WARE v. The STATE.
Gregory Ware appeals, pro se, from the trial court's order denying his motion for an out-of-time appeal. In related enumerations of error, he contends that the trial court erred by failing to inquire into whether his right to an out-of-time appeal was lost due to ineffective assistance of counsel, that his claims can be resolved by facts contained in the record, and that his plea counsel's performance was deficient in failing to challenge the validity of the indictment. For the reasons explained below, we reverse and remand this case with direction.
The record shows that Ware pleaded guilty to kidnapping, aggravated assault, and terroristic threats, and his sentence was entered on August 9, 2004. On September 2, 2004, Ware filed a pro se notice of appeal in which he asserted ineffective assistance of counsel in the trial court and asked for an appointed appellate attorney because he was indigent. For reasons unknown, the Richmond County Superior Court Clerk's office did not transmit the notice of appeal and record to this court.
While the pro se notice of appeal may not have been perfect in form, see OCGA § 5–6–37, it sufficiently identified the judgment appealed from and should have been acted upon. See Brumby v. State, 264 Ga. 215, 217–218(2) (443 S.E.2d 613) (1994); OCGA § 5–6–48(f) (“Where it is apparent from the notice of appeal, the record, the enumeration of errors, or any combination of the foregoing, what judgment or judgments were appealed from or what errors are sought to be asserted upon appeal, the appeal shall be considered in accordance therewith notwithstanding that the notice of appeal fails to specify definitely the judgment appealed from or that the enumeration of errors fails to enumerate clearly the errors sought to be reviewed.”) Additionally, there is no indication in the record that the appeal was dismissed or withdrawn. Instead, Ware has attempted to obtain a review of alleged error in the trial court through two motions for an out-of-time appeal and a habeas corpus proceeding. The appeal presently before us involves the denial of Ware's second motion for an out-of-time appeal.

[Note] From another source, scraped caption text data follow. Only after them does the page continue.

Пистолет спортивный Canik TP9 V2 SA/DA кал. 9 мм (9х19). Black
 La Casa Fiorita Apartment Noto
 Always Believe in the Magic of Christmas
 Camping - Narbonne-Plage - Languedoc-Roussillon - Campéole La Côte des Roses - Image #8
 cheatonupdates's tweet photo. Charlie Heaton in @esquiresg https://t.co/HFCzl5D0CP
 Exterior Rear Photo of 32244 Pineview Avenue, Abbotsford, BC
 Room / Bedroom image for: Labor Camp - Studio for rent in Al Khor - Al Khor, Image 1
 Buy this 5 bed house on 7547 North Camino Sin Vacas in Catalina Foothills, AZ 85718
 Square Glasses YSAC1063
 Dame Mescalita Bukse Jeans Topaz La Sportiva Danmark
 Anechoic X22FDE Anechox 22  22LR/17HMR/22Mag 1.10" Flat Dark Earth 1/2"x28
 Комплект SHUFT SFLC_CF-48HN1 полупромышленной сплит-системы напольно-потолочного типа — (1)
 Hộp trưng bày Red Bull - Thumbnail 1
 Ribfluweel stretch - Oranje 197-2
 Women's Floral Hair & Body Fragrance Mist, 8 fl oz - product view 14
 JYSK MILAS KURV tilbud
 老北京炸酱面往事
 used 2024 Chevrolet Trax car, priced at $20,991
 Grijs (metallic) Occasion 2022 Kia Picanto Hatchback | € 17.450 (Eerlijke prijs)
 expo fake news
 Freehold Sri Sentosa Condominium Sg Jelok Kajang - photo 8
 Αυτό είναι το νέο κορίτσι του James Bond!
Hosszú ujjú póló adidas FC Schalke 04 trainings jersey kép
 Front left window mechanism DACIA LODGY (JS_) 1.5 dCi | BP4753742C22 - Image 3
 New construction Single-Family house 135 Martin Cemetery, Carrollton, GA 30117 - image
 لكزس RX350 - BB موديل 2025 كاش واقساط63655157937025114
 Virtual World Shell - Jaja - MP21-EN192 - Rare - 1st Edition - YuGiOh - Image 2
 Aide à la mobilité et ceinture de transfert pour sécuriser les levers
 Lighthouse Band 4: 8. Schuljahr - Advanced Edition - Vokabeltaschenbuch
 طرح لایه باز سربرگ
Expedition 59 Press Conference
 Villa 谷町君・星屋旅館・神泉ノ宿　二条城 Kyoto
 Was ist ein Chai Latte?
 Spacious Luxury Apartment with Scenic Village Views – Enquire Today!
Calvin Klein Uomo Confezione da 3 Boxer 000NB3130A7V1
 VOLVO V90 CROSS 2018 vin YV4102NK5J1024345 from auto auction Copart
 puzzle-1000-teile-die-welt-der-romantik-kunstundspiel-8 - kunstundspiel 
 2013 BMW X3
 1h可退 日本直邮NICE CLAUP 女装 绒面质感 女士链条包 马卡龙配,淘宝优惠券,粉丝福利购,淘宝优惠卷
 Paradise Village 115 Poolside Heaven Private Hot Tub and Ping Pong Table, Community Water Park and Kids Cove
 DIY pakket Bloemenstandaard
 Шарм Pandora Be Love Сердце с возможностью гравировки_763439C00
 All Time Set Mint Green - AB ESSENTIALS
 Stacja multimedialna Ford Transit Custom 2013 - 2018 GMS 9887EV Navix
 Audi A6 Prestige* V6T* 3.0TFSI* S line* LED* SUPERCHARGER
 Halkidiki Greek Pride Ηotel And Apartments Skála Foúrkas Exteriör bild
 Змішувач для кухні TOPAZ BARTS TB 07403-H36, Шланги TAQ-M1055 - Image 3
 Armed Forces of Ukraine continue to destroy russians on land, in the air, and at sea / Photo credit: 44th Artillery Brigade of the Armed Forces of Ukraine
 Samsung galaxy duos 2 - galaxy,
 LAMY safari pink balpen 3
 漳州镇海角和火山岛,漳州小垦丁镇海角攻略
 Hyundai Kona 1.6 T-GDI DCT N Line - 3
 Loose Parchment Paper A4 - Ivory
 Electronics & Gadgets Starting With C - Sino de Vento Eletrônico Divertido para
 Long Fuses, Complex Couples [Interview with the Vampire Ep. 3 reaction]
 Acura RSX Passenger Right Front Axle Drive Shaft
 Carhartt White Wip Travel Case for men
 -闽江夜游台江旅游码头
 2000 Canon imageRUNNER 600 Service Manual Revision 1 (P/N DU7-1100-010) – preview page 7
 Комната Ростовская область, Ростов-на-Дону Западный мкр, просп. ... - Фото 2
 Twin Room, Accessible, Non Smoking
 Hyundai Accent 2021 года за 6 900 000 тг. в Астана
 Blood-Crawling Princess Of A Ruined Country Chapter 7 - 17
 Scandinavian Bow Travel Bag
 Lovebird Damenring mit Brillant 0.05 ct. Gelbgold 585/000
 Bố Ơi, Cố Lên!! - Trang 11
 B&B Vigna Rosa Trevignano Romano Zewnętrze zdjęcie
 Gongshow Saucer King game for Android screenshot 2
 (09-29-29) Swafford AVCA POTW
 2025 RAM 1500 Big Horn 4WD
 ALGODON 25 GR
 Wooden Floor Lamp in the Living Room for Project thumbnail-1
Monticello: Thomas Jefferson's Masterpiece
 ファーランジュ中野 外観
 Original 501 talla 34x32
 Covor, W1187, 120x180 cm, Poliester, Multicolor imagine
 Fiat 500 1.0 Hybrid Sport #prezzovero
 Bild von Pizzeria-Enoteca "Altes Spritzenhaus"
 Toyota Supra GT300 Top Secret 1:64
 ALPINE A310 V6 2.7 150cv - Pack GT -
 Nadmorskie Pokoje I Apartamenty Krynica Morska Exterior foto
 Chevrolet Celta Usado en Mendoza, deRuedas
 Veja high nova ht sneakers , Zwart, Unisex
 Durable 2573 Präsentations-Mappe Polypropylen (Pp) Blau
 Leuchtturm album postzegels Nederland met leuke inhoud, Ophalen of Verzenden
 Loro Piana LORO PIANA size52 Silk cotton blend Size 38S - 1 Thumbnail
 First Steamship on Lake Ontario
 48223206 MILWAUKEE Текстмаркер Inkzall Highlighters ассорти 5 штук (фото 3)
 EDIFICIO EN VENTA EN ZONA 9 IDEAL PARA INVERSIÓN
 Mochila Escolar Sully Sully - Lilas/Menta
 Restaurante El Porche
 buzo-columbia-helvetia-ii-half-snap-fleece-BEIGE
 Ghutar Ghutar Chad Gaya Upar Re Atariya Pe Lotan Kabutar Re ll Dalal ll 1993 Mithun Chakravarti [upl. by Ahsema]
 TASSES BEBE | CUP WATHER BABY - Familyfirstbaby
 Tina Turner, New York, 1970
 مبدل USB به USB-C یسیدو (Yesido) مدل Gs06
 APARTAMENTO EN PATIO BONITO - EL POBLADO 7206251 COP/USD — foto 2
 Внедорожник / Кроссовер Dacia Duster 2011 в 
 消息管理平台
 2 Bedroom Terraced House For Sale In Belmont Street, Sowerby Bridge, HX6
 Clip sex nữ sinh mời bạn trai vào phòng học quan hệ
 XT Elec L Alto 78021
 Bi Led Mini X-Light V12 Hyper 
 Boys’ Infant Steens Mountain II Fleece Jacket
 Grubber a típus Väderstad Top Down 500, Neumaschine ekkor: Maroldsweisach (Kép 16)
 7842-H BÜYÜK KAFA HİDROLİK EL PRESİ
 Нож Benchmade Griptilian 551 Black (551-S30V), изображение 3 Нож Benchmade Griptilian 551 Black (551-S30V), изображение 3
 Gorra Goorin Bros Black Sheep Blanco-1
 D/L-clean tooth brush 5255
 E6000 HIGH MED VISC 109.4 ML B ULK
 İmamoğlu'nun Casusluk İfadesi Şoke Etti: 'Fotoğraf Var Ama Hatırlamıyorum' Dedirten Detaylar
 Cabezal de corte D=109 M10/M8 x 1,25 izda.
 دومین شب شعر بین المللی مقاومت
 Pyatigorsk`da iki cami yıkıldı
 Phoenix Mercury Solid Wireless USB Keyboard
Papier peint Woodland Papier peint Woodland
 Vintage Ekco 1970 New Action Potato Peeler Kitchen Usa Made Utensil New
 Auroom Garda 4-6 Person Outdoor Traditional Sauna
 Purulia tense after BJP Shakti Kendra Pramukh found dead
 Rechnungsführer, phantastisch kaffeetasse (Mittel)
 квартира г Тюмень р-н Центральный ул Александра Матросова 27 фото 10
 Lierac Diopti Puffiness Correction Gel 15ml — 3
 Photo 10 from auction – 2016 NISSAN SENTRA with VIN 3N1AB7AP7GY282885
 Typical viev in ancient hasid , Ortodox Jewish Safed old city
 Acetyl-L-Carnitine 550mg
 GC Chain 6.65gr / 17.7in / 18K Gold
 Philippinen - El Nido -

As held by the Supreme Court of Georgia in a case involving similar facts, the timely direct appeal that was never acted upon by the trial court clerk “remains pending.” Wetherington v. State, ––– Ga. –––– Case No. S14A0528, decided May 5, 2014). “That pending appeal acts as a supersedeas, depriving the trial court of the power to effect the judgment appealed.”1 (Citation and punctuation omitted.) Id. The trial court therefore “lacked jurisdiction to rule” on Ware's motion for an out-of-time appeal, because it involves the same judgment of conviction that was challenged in his September 2, 2004 notice of appeal. Id. In accordance with the Supreme Court's opinion in Wetherington, we reverse the trial court's order denying Ware's motion for an out-of-time appeal because it “is a mere nullity.” (Citation omitted.) Id.
Upon receipt of the remittitur in this case, the trial court should rule upon Ware's September 2, 2004 request for appointed appellate counsel, order the defendant to serve the September 2, 2004 notice of appeal upon the State, and require the clerk's office to act upon the September 2, 2004 notice of appeal.
Judgment reversed and case remanded with direction.
1. While the notice of appeal lacked a certificate of service, the failure to include a certificate of service does not subject an appeal to dismissal. See OCGA § 5–6–48(a) (“Failure of any party to perfect service of any notice or other paper hereunder shall not work dismissal; but the trial and appellate courts shall at any stage of the proceeding require that parties be served in such manner as will permit a just and expeditious determination of the appeal․”); Ward v. Ward, 115 Ga.App. 778, 781(1) (156 S.E.2d 210) (1967) (failure to serve copy of notice of appeal is not a ground of dismissal). The General Assembly enacted the Appellate Practices Act of 1965 to “trend away from highly technical rules of practice,” In re Norris, 154 Ga.App. 173, 174(1) (267 S.E.2d 788) (1980), and the Act expressly provides that it “s hall be liberally construed so as to bring about a decision on the merits of every case appealed and to avoid dismissal of any case․) (Emphasis supplied.) OCGA § 5–6–30. To the extent the Supreme Court of Georgia's opinion in Bull v. Bull, 243 Ga. 72, 73(4) (252 S.E.2d 494) (1979), may conflict with OCGA § 5–6–48(a), the statute controls. Georgia Investment Co. v. Norman, 229 Ga. 160, 162 (190 S.E.2d 48) (1972) (on motion for rehearing). We therefore conclude that the lack of a certificate of service does not preclude this court from considering the September 2, 2004 notice of appeal as still pending based upon the Supreme Court's recent decision in Wetherington v. State, ––– Ga. –––– (Case No. S14A0528, decided May 5, 2014).
BRANCH, J., concurs.BARNES, P. J., concurs in the judgment only.